Heritage House further claims that taxation of its property constitutes a denial of equal protection of the laws in that if it chose to bring its property within the Illinois Health Facilities Authority Act (Ill. Rev. Stat. 1973, ch. IIIV2, par. 1101 et seq.) it could obtain exemption from taxation. We find that fact of little significance. (See Lehnhausen v. Lakeshore Auto Parts Co. (1973), 410 U.S. 356, 35 L. Ed. 2d 351, 93 S. Ct. 1001.) The significant factor here really is that if the Heritage House chose to use its property exclusively for a charitable purpose it likewise could obtain the benefits of exemption from taxation. This same factor is decisive of Heritage House’s contention that it is denied equal protection of the laws in that it is treated differently from other charitable organizations. It points out that hospitals make charges to cover their operating expenses. As was pointed out herein, and in Korzen, Winnebago and Munson, the fact that an institution maltes charges does not necessarily remove it from the classification of a charitable institution. Those who charge fees, yet admit persons who need and seek the benefits offered but are unable to pay the customary fees, do not lose their charitable character. Heritage House has not been denied equal protection of the laws. It merely has failed to come within the classification entitled to exemption.
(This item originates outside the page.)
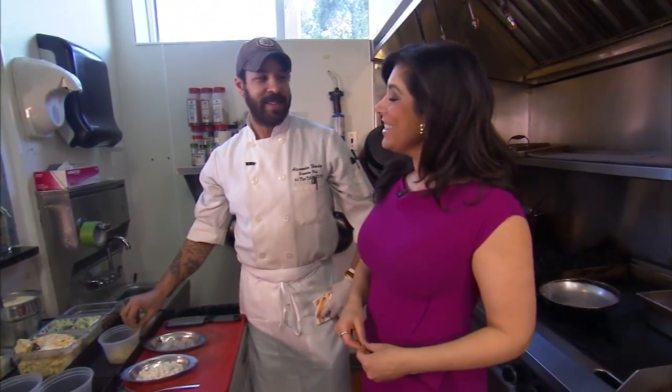In this week's Six Minute Meal and a Deal, Alisha Vitarelli heads to At The Table BYOB in Wayne for some fettuccine carbonara. You're telling me we can do this in six minutes or less? Six minutes. Pasta.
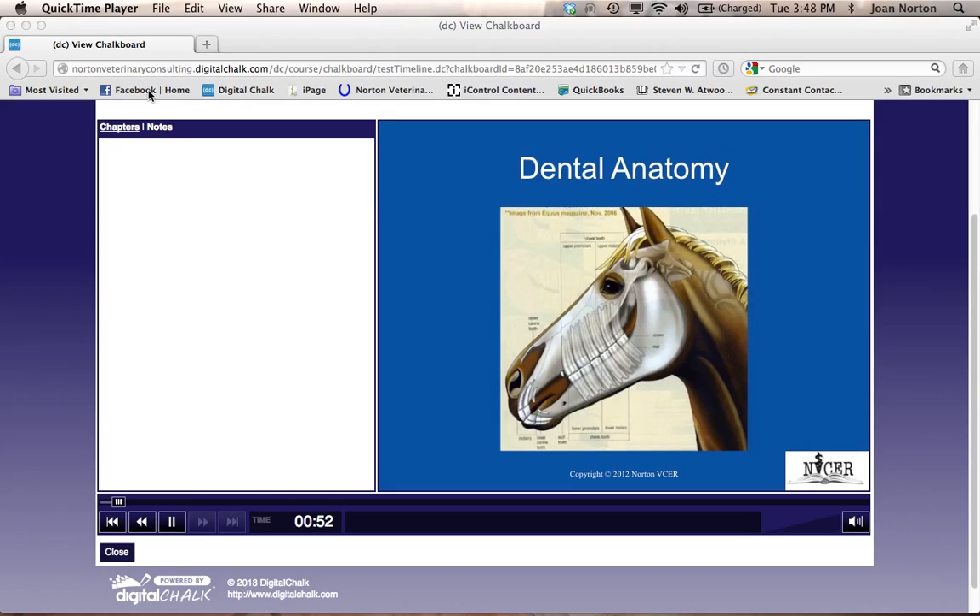Notice how far back in the mouth the horse's teeth go, all the way to the level of the eye, and also how deep the roots extend up into the sinuses and down into the mandible.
In Methodist Old Peoples Home v. Korzen (1968), 39 Ill.2d 149, this court construed section 19.7 of the Revenue Act. What we said there is particularly applicable here. At page 156 this court stated:

“In interpreting House Bill 1328 we must assume that the legislature did not intend to *519exceed its constitutional limitations. As we stated recently, ‘it is our duty to construe acts of the legislature so as to uphold their constitutionality and validity if it can reasonably be done, and, further, that if their construction is doubtful, the doubt will be resolved in favor of the validity of the law attacked.’ Illinois Crime Investigating Commission v. Buccieri, 36 Ill.2d 556, 561. See also MacMurray College v. Wright, 38 Ill.2d 272; Follett’s Illinois Book and Supply Store, Inc. v. Isaacs, 27 Ill.2d 600.
In keeping with such assumption we hold that the legislature did not intend to deviate from the constitutional requirement that to be exempt from taxation the property of an old peoples home must be used exclusively for charitable purposes. In amending section 19.7 of the Revenue Act of 1939 (Ill. Rev. Stat. 1965, ch. 120, par. 500.7) House Bill 1328 did nothing more than add language which was descriptive and illustrative of ‘old people’s homes.’ Any doubts concerning this are dispelled by its statement that ‘this definition shall be construed as declaratory of the existing law and not as a new enactment.’ ”

We are of the opinion that the trial court erred in granting summary judgment to the plaintiff, and that the trial court should have granted the defendants’ motion for summary judgment. Accordingly, the judgment of the appellate court is reversed and the cause is remanded to the trial court for further proceedings consistent herewith.

Reversed and remanded, with directions.

MR. JUSTICE RYAN took no part in the consideration or decision of this case.